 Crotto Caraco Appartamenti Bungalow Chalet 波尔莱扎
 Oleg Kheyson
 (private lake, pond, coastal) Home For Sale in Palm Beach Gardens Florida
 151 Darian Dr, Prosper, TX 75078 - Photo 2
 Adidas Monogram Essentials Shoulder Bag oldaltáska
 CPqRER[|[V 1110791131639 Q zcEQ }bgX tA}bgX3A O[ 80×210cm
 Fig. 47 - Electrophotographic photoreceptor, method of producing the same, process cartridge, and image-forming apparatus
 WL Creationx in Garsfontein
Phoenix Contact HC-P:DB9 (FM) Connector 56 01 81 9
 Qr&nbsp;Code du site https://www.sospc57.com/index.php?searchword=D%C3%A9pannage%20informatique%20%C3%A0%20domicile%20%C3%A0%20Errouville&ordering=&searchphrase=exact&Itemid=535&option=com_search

┄┄┄┄┄┄┄┄┄┄┄┄┄┄┄┄┄┄┄┄

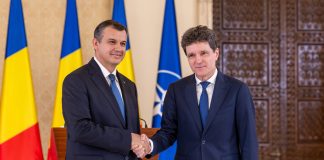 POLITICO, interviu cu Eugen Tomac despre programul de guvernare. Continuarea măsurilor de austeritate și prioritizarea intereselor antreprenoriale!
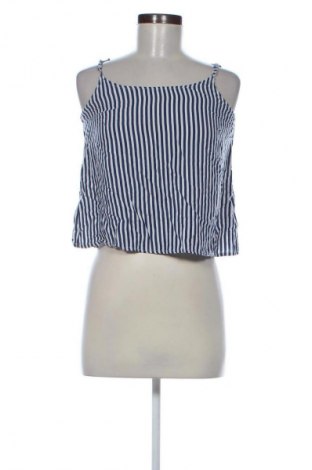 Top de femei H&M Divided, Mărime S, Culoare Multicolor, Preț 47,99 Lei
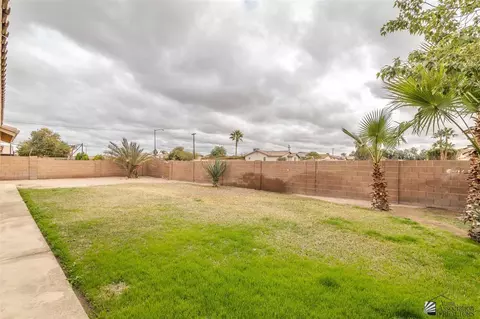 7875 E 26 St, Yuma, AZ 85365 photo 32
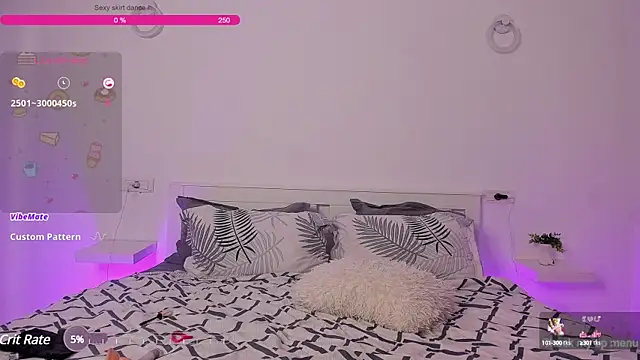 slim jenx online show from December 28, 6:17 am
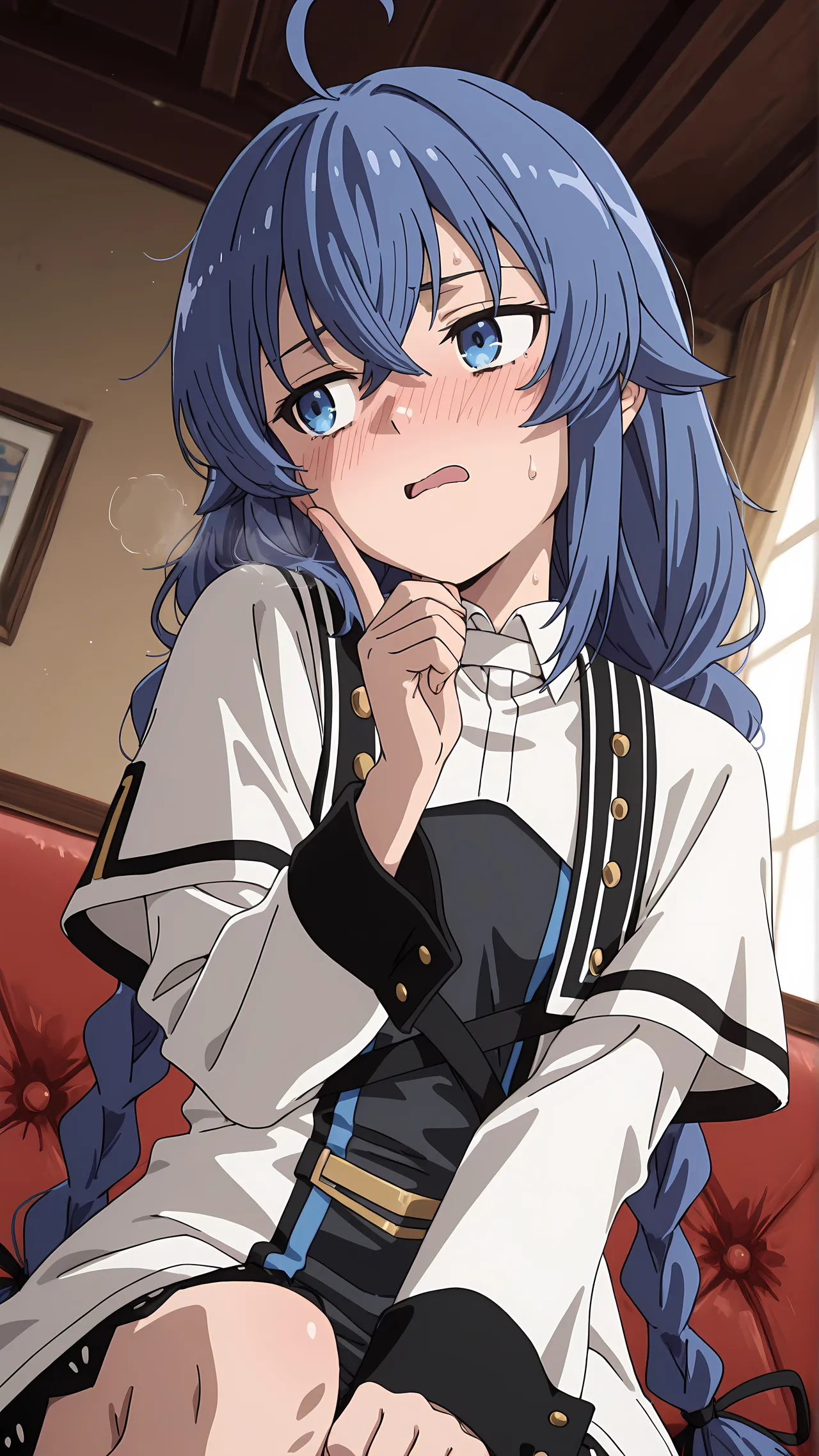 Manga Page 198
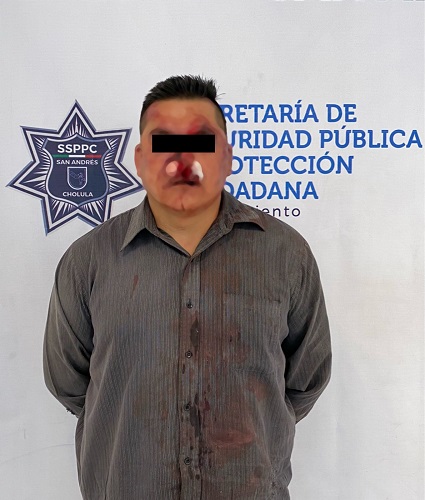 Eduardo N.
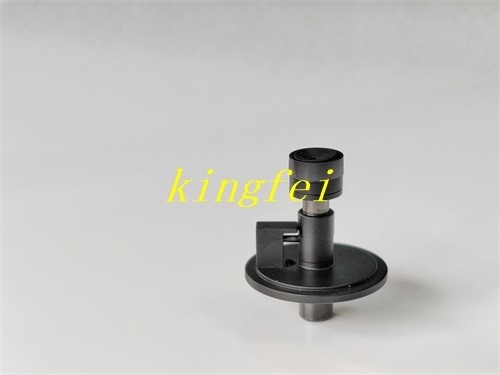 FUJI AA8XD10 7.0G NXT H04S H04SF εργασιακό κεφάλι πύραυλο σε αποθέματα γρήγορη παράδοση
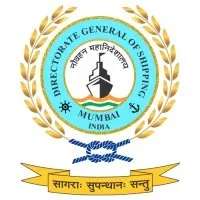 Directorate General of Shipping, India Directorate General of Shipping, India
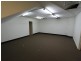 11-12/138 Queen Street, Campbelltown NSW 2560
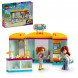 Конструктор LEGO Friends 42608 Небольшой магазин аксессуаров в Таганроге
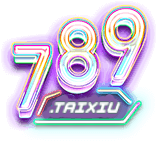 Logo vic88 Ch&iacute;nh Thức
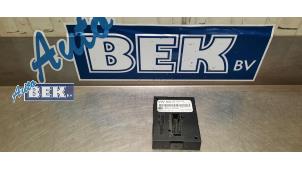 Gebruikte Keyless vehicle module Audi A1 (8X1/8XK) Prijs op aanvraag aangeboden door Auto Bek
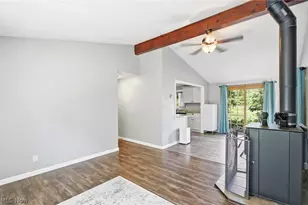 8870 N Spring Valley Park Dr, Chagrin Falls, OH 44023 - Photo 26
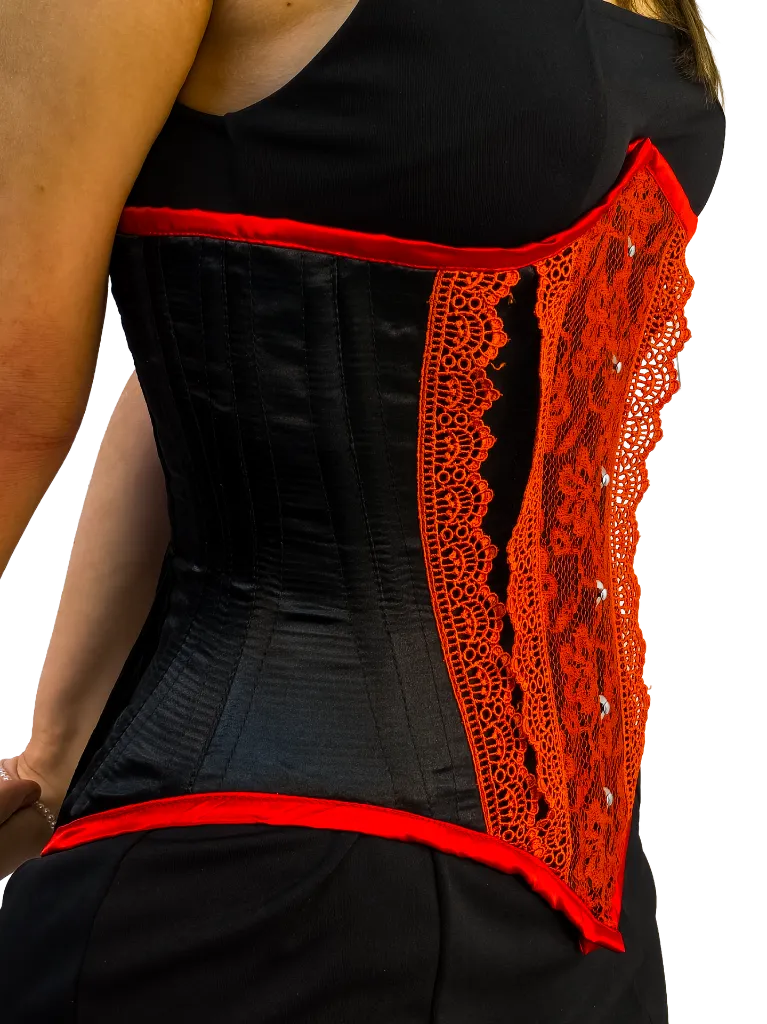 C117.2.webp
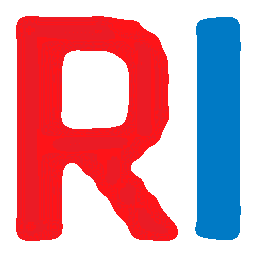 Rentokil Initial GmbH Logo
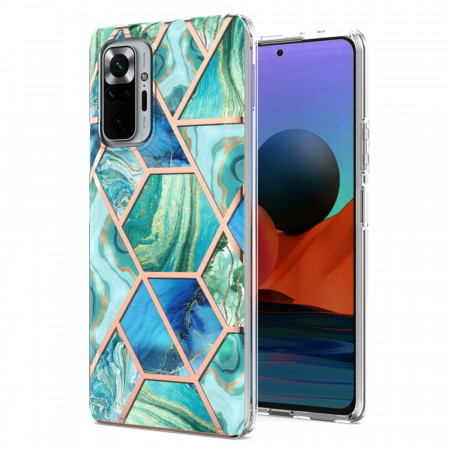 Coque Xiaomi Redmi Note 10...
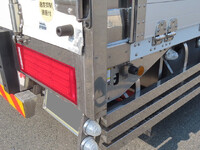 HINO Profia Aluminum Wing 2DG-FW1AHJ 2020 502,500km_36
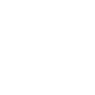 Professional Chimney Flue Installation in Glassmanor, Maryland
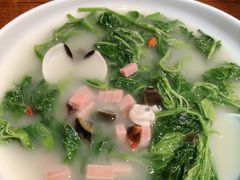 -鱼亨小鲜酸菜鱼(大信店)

┄┄┄┄┄┄┄┄┄┄┄┄┄┄┄┄┄┄┄┄

Scan the records above for the lines holding "Oleg Kheyson" and "Phoenix Contact HC-P:DB9". Transcribe those two and every line between them word for word, and no others.

 Oleg Kheyson
 (private lake, pond, coastal) Home For Sale in Palm Beach Gardens Florida
 151 Darian Dr, Prosper, TX 75078 - Photo 2
 Adidas Monogram Essentials Shoulder Bag oldaltáska
 CPqRER[|[V 1110791131639 Q zcEQ }bgX tA}bgX3A O[ 80×210cm
 Fig. 47 - Electrophotographic photoreceptor, method of producing the same, process cartridge, and image-forming apparatus
 WL Creationx in Garsfontein
Phoenix Contact HC-P:DB9 (FM) Connector 56 01 81 9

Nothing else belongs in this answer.